London • Let one thing be clear: Andrei Kirilenko does not like rumors.
So don't bother asking if, after a year away from the NBA, he gave any thought to re-signing with the Utah Jazz before signing a reported two-year, $20 million deal with Minnesota last week.
"I'm not commenting on other teams," he said. "I don't [want] people to start speculating."
But here's fresh buzz that can be backed up with evidence: The former Jazz forward is playing like the old Kirilenko, not the aging Kirilenko Utah fans last saw in 2011.
"I feel great," said Kirilenko, 31, who on Thursday signed a two-year contract with Minnesota. "Look at me, I'm running like a young deer."
Can a deer shoot 3-pointers? Heck, can Andrei Kirilenko?

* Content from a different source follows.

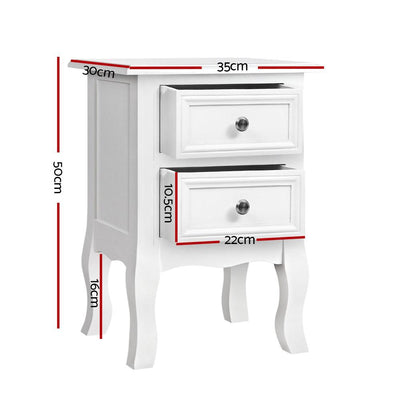 Artiss Bedside Tables Drawers Side Table French Storage Cabinet Nightstand Lamp Payday Deals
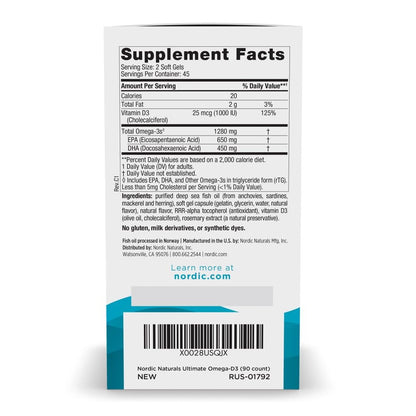 Nordic Naturals Ultimate Omega-D3 Limón | 90 cápsulas blandas, 1280 mg Omega-3 + 1000 UI D3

At least one. A 3-pointer was just part of the dizzying performance Kirilenko put on Sunday night in Russia's opening-round game of the London Olympics. He scored 35 points on 14-of-17 shooting to lead his country to a 95-75 victory over Great Britain.
Kirilenko was spinning, converting three-point plays, dunking off the dribble and via alley-oops. He was knocking down jumpers. And he played defense: steals, blocks, including one on a 3-pointer.

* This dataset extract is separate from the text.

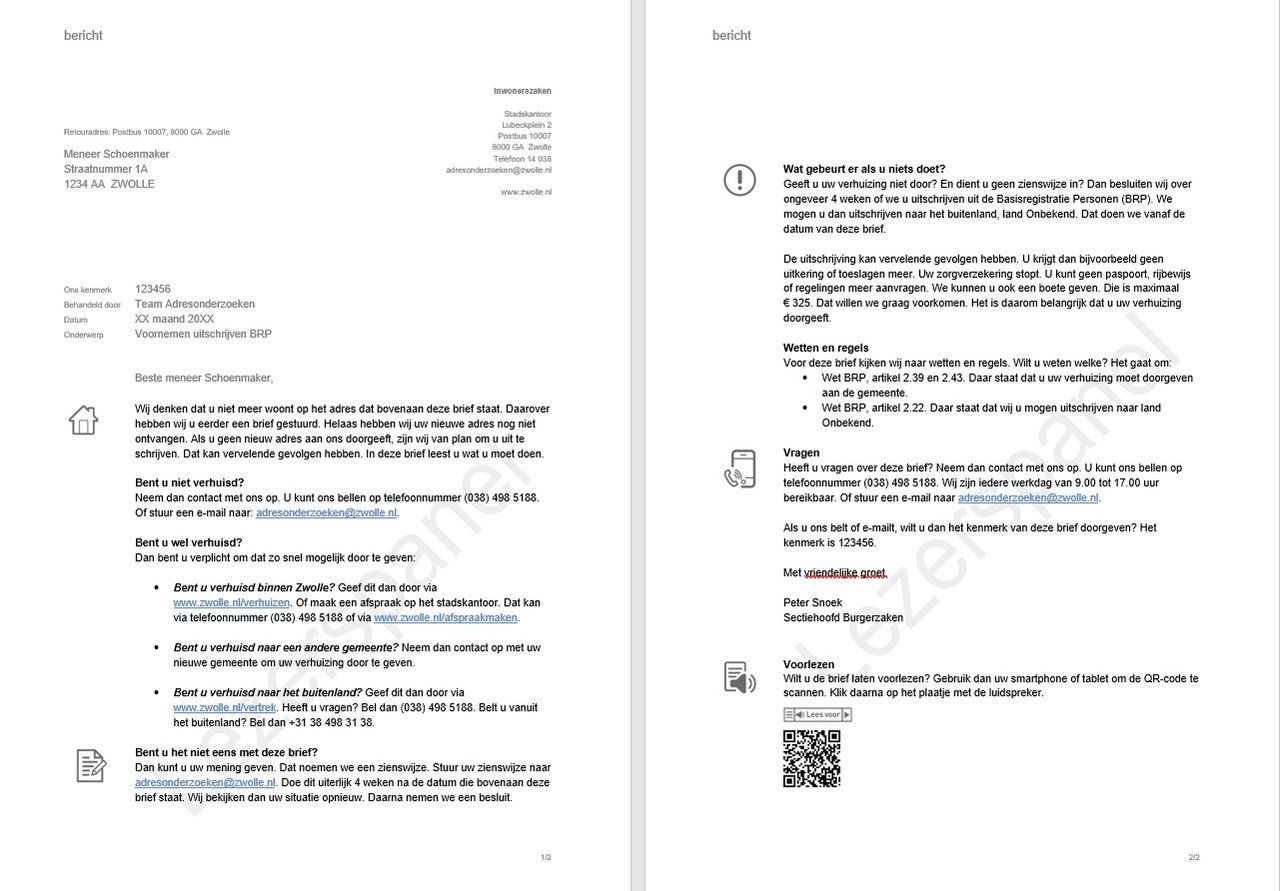 Brief Voornemen uitschrijven BRP Gemeente Zwolle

What Andrei giveth, Andrei taketh away.
Of course, one must be careful with excitement. This was a game that made NBA washout Pops Mensah-Bonsu look like a star (22 points, nine rebounds for Britain).
Still, Kirilenko, wearing No. 15 and playing alongside future T-Wolves teammate Alexey Shved, seemed far from the injury-plagued seasons that doomed his time in Utah. The one-time All-Star did not play in more than 67 games any one of his last three seasons in Utah. His productivity dipped, and he became less of a playmaker. After 10 seasons, he returned to Russia and played for CSKA Moscow.
Then, Minnesota general manager David Kahn and coach Rick Adelman called.
"I wanted to get back to playing in the NBA," Kirilenko said, "because last season in CSKA I feel comfortable, I feel great at home, but I feel like I should play at the highest level possible."
Enter the Timberwolves, who in the lockout-shortened season finished 26-40 and 24 games out of first place in the Western Conference.
Kirilenko said he likes the European feel of the Timberwolves, with Spanish point guard Ricky Rubio, and that he admired Adelman's Sacramento Kings in the early 2000s.
Beyond what Minnesota provides, however, Kirilenko said it was most important that he return to the NBA.
"I'm not going back to NBA I'd probably be feeling sorry for myself after four or five years," he said. "I got a call, and it's a very, very interesting offer."
• Former Jazz forward Andrei Kirilenko scored 35 points to lead Russia past Great Britain, 95-75.
• Kirilenko signed a contract with Minnesota last week reported to be worth $20 million over two years.
• Russia next plays China on Tuesday in pool play of Group B.